Tarihte mal veya can ile bedel ödeme söz konusu olduğunda Yahudiler hep gerisin geriye kaçmışlar. Ya bir bahane uydurarak ipe un sermişler ya da korkaklıklarını gizleyemeden müttefiklerini yüz üstü bırakmışlar.

Zaten bilindiği gibi Yahudiler peygamberlerini savaşlarda hep yalnız bırakmakla meşhurdurlar.

Onları Firavun’un zulmünden kurtararak sahil-i selamete çıkartan Hz. Musa’ya (Aleyhisselam) “Sen ve Rabbin gidin savaşın; biz burada oturacağız” (Maide Suresi 54. Ayet) diye cevap vererek kaypaklıklarını ve korkaklıklarını tescil etmişlerdi.

Sadece Hz. Musa (Aleyhisselam) için değil hem Efendimiz (Sallahu Aleyhi Vesellem)  döneminde hem birçok peygamber döneminde hem de günümüze kadar ki Yahudi tarihinde onların düşmanlarının karşısına çıkıp yiğitçe savaştıkları ya da mertçe ileri atıldıklarını göremezsiniz.

Ya sağlam kaleler arkasında ahkâm kesmişler ya da kendilerini güvende hissettikleri yerlerde sözde meydan okumuşlar. Ancak ne zaman savaş meydanlarında ve hayatın gerçekleriyle karşı karşıya kalmışlarsa o zaman zelil olmuşlar, rezil olmuşlar ve dünyaya ibret olmuşlar.

Rabbimiz (c.c) buyuruyor, “Onlar toplu olarak sizinle savaşamazlar; ancak müstahkem kaleler içinde veya siperlerin arkasından korka korka savaşırlar…” (Haşr Suresi 14. Ayet)

Evet, Yahudiler Müslümanlarla topluca ya da yüz yüze yiğitçe savaşamazlar, ya korunaklı kalelerin, tankların, demir kubbelerin ardına saklanırlar ya da duvarların arkasında korkarak savaşmak zorunda kalırlar.

Bu melun topluluğun bir yıldır Gazze başta olmak üzere orta doğuda yaptığı soykırım ve katliam onların cesur ve yiğitliklerinden değildir. Bilakis korkak oluşlarından ve Müslümanlar arasındaki tefrika ve dağınıklıklarındandır. Yoksa Yahudiler dünyanın en korkak milletidir.
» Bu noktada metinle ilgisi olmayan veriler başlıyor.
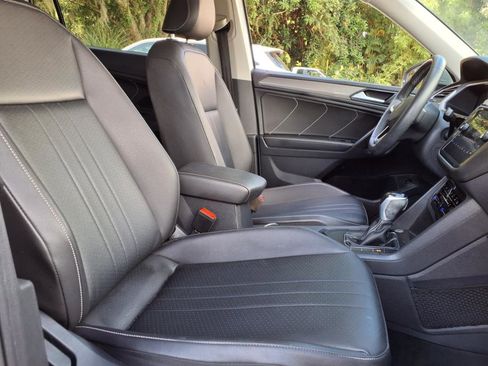 Used 2022 Volkswagen Tiguan SE w/ Panoramic Sunroof Package image 36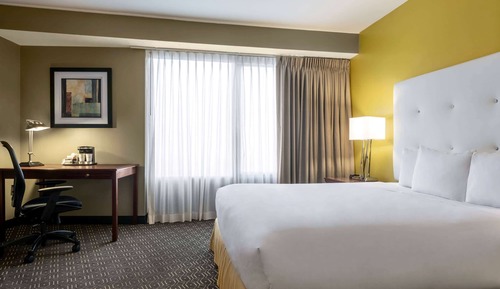 Junior Suite, 1 King Bed, Non Smoking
Ayrıca Yahudiler ölümden çok korkarlar.

Çünkü ölüm, dünyaya dört elle sarılmış ve dünya sefası için yaşayan bir toplum için acı bir yok oluştur. Dolaysıyla Yahudiler için ölüm; tüm servetlerinin ve zevklerinin sonu olacağı için ondan korktukları kadar hiçbir şeyden korkmazlar.

Ölümden korktuklarının bir diğer sebebi ise, iç dünyalarındaki mutmainsizlik ve boşluktur. Bu boşluğu dünya zevk ve sefasıyla doldurmak istiyorlar ve bir türlü bu sefadan da kopmak istemiyorlar.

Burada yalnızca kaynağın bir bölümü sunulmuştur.